Task directions:
Please print the line that holds "ladder-shelves-storage-ideas-001" and each line after it to the end of the data, word for word, without any pictures.

Material provided:

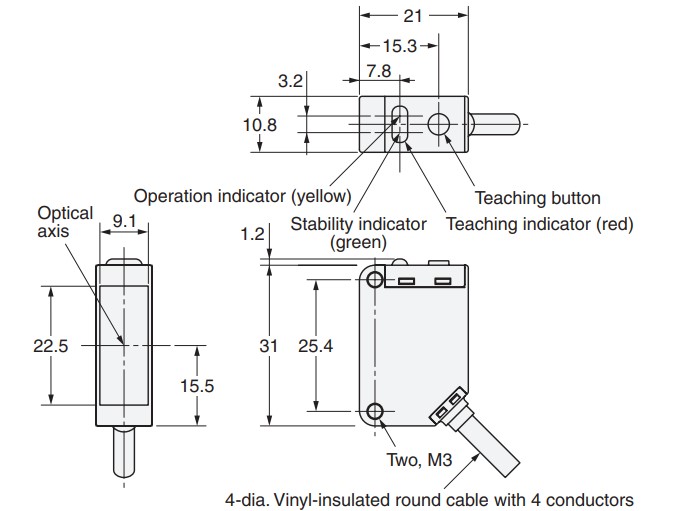 Omron_E3ZM-V61_dimensions.jpg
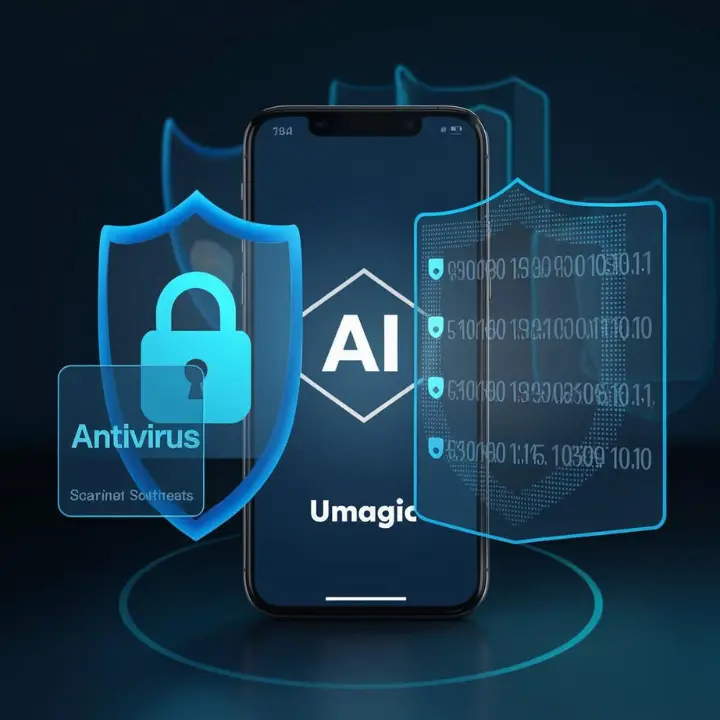 Step-by-Step Guide to Installing Umagic AI Mod APK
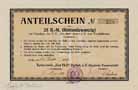 Turnverein 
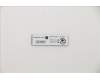 20200052 Lenovo ACCKIT RTL8723 BGN USB + USB BT WLAN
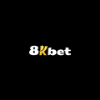 4e9fd1 untitled design (10) (2)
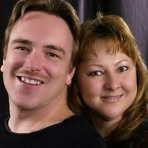 Profile Picture of Joeseph Railsback (@joeseph.railsback) on Facebook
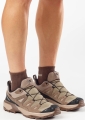 Buty Salomon X Ultra 360 LTR GTX Gore-Tex Desert Tan/Walnut 491585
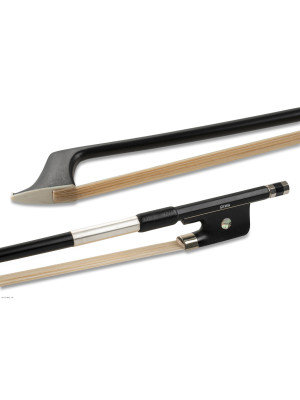 GEWA CARBON 4/4 gudalo za violončelo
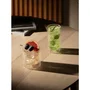 Bodum Douro - Set de 4 verres à whisky et 4 verres à gin tonic double paroi - Verres whisky 0.3 L et gin tonic 0.28 L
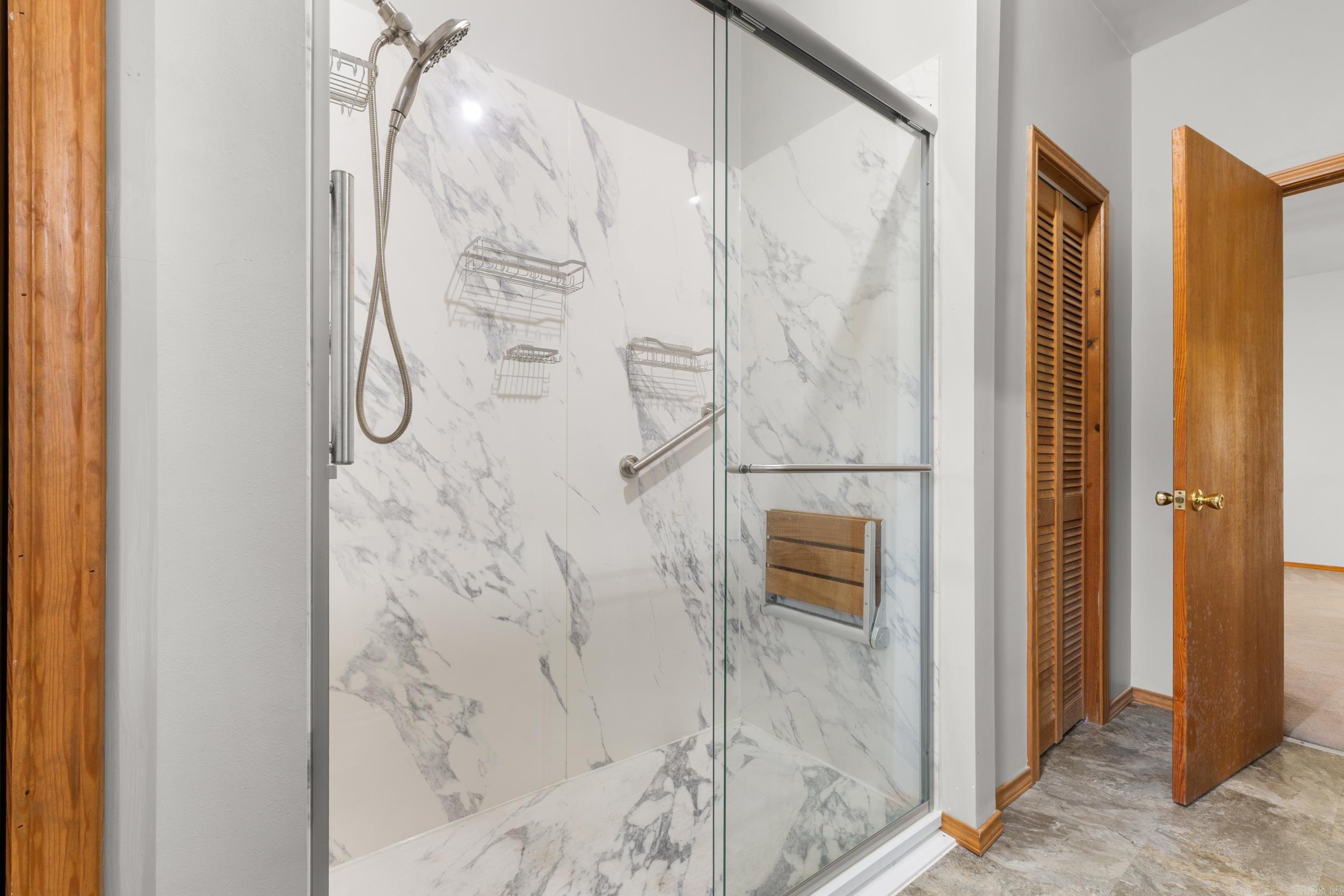 9913 Hwy 5 N  Midway, AR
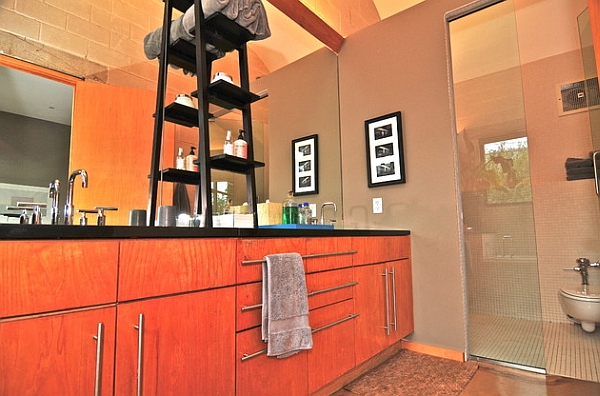ladder-shelves-storage-ideas-001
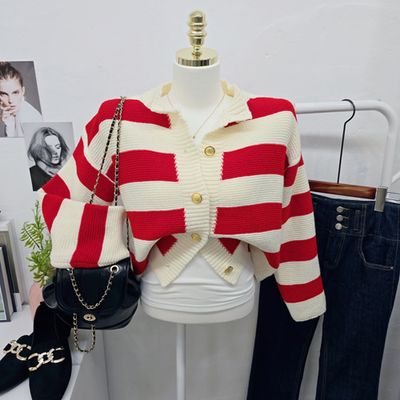 product-detail-image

Solution to this task:
ladder-shelves-storage-ideas-001
 product-detail-image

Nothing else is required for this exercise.